The idea that the United States has caused the world to be more technologically or politically advanced than it would otherwise have been is pure fantasy. Yet the science fiction writers who come up with this stuff are clearly from the American educational elite. They have degrees and backgrounds in science and the military that mean they must have experienced something of the real world. What is wrong with their understanding?

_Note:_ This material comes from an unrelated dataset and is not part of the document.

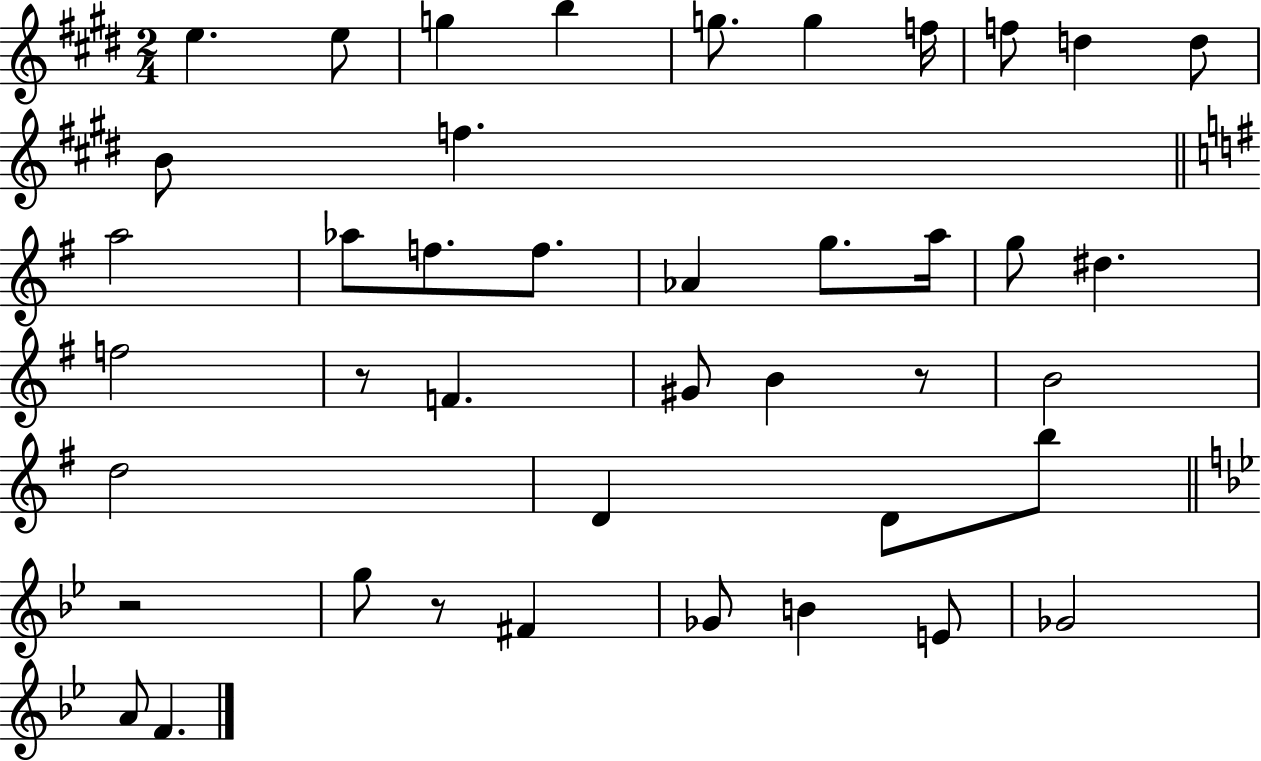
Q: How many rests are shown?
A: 4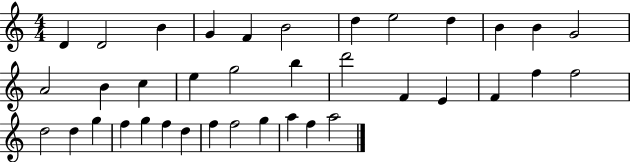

Is it just misplaced patriotism? Is it just the result of a terribly insular education system? (I would note that even the very best of them - Flint or David Weber - do not really understand history the way Piper did. They keep having the other side adopt new inventions immediately... Perhaps they fail to note that people just do not work that way. The French captured British flintlock naval cannon in the 1790's, but were still failing to make copies at the time of Waterloo - after 20 years of losing the war at sea!) Or (we can hope) are they just writing populist crap the way they think the masses want to hear it; and hiding the truth from their readers in the sort of jingoism that makes Kipling look remarkably like an apolitical and balanced reporter.

Personally I think alternative history, or it’s semi-respectable cousin ‘counterfactual’, is a wonderful and enlightening exercise. Well done, it is thought provoking and even inspiring, but it has to be done with some limits, or it just becomes fantasy. I have nothing against fantasy, as I enjoy that too. Yet even if we consider 'steam-punk' to be just the fantasy end of the spectrum, that still leaves some really bad interpretations of how people and their environments develope, which seems purely based on the unthinking prejudices of a poor education. My main concern is whether the authors who are attempting to merge fantasy with reasoned analysis can tell the difference.


  1. "powered by brass valved airship technology with steam-powered cars. Where do they get this stuff from?"

    It sounds like Steam-Punk to me, and therefore part of an existing cultural genre.

  2. an American i would be the first to point out our flaws and misconceptions..but many of your interpretations of America and it's role in history are just flat wrong. I would go more into detail, but frankly your idiotic statements don't warrant it. It wouldn't matter anyway...

  3. Read 'A Connecticut Yankee in King Arthur's Court' for a rebuttal to your thesis that Americans are too myopic to understand that cultural differences are important.